Сталин, как известно, всю жизнь не понимал гениальности Ленина, прекрасно подчеркивая этим извечную диалектику “поэта” и “толпы”.
И – следующий потрясный эпизод этого рассказа:
“…Этот знакомый ему однажды сказал, что надо быть осторожным – тут тонут люди.
– Тонут, говорите? – спросил Ленин. – Ничего, мы-то не потонем.
И тут же заплыл так далеко, что еле можно было видеть его”.
Зощенко вновь подвергает всегдашнюю трусость Сталина жестокому глумлению: так и видится, что этот “один его знакомый” Сталиным и был, и стоял с нелепо открытым ртом и дрожащей челюстью, глядя на ловко ныряющего и жизнерадостно отфыркивающегося водоплавающего Ленина, который был настоящим виртуозом купания.
Четвертый рассказ называется “О том, как Ленин бросил курить”. Сталин распадается здесь на целую плеяду обывательских “слабовольных людей” в следующем эпизоде:
“…И с этими словами Владимир Ильич вытащил из кармана папиросы и положил их на стол. И уж больше до них не дотрагивался (обожаю это жеманное зощенковское “уж”. – M.)
А которые курят, те знают, какую огромную волю надо иметь, чтоб сразу бросить эту привычку. Некоторые слабовольные люди обращаются даже к докторам, чтоб те помогли им бросить курить.
И доктора смазывают им рот каким-то лекарством, чтоб им противно было курить. А еще более слабовольных доктора усыпляют и внушают им разные ужасные мысли о вреде курения. И только тогда эти люди бросают курить. И то многие не бросают, а продолжают курить, имея в голове ужасные мысли о вредности куренья (“имея в голове ужасные мысли” – блеск! – M.)
Но у Ленина была огромная воля. Он без всяких докторов решил бросить куренье. И действительно бросил. И больше никогда не курил.
Это был сильный человек, с железной волей (очаровательное разжевывание. – M.)”

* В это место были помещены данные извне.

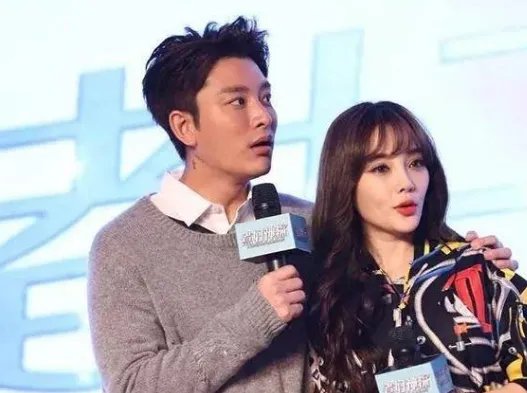 娱记爆料，贾乃亮李小璐两个已经和解，为了甜馨二人会复婚吗？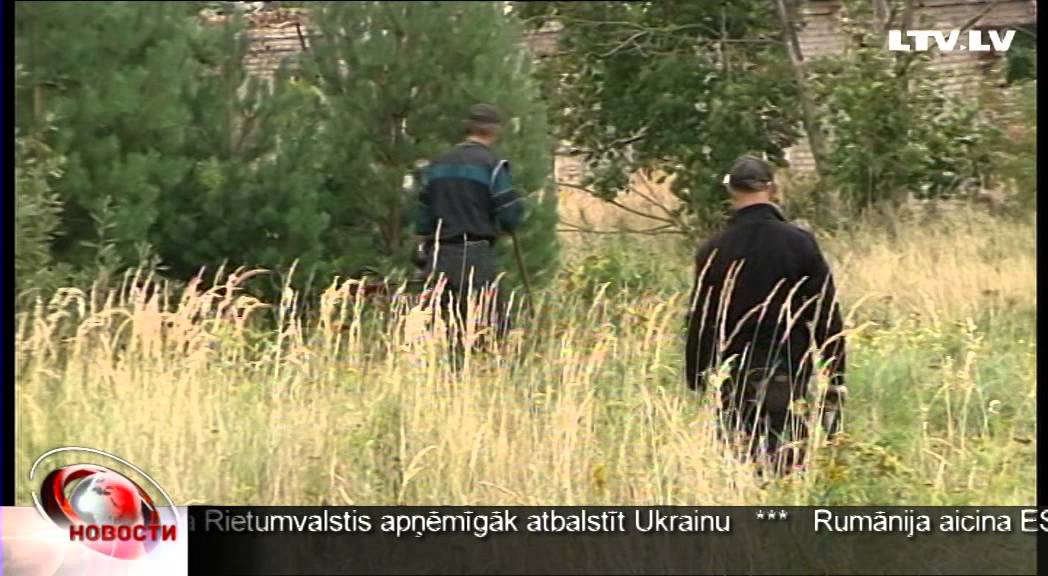 Советские города-призраки доживают в Латвии последние дни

Так и видится, как этот сильный человек с железной волей в облике жестокой няньки смазывает безвольному Сталину (с этой его вечной псевдомужественной ублюдочной трубкой) рот какой-то поганью!.. Жесточайшая, что и говорить, антитоталитарщина.
Пятый рассказ называется “О том, как Ленин перехитрил жандармов”. Зощенко не знает меры в своем эстетическом уничтожении Сталина и бьет здесь уже ниже пояса, принимаясь за физические недостатки urod’ца Джугашивили. Этот грузинский urod’ец, как известно, был просто карликом, обладал смехотворно пренизким росточком. А теперь скажите, кто подразумевается в нижецитируемом эпизоде:
“…А другой жандарм, маленького роста (здесь и далее выделено мною. – M.), но тоже усатый и свирепый, ходит по комнате и во все нос сует”.

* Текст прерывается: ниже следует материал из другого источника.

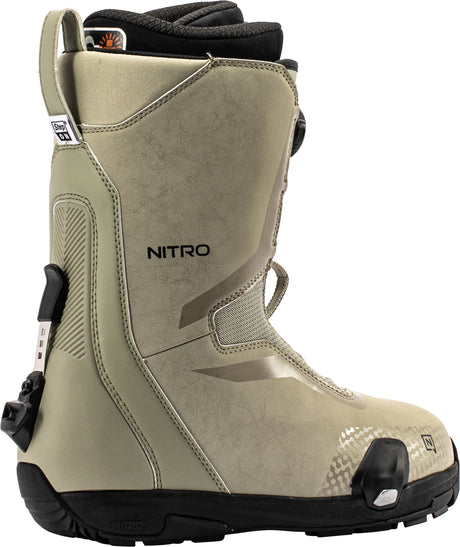 Nitro Sentinel Step On® BOA® Boots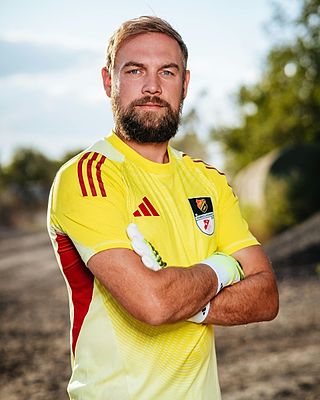 Dennis Mattersberger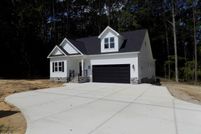 Land for sale in Franklin County, North Carolina
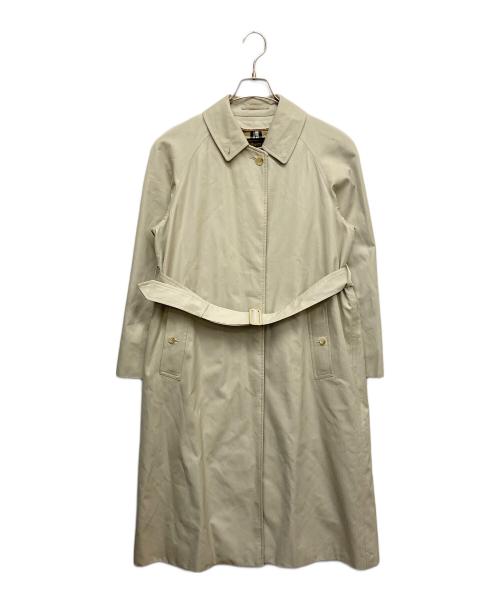 Burberry's（バーバリーズ）Burberry's (バーバリーズ) トレンチコート ベージュ サイズ:9ARの古着・服飾アイテム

Ну не гений ли после этого Зощенко? – в одно предложение (еще и аллегоричное, к тому же) вместил все отвратные черты отвратного своего современника! А уж как (уж! уж! я многому научился у своего кумира) Ленин жестоко глумится над жандармом, пользуясь его гипертрофированной низкорослостью, об этом говорить не буду: сейчас! прямо сейчас! немедленно! – разыскивай “Рассказы о Ленине” и упивайся ими до изнеможения!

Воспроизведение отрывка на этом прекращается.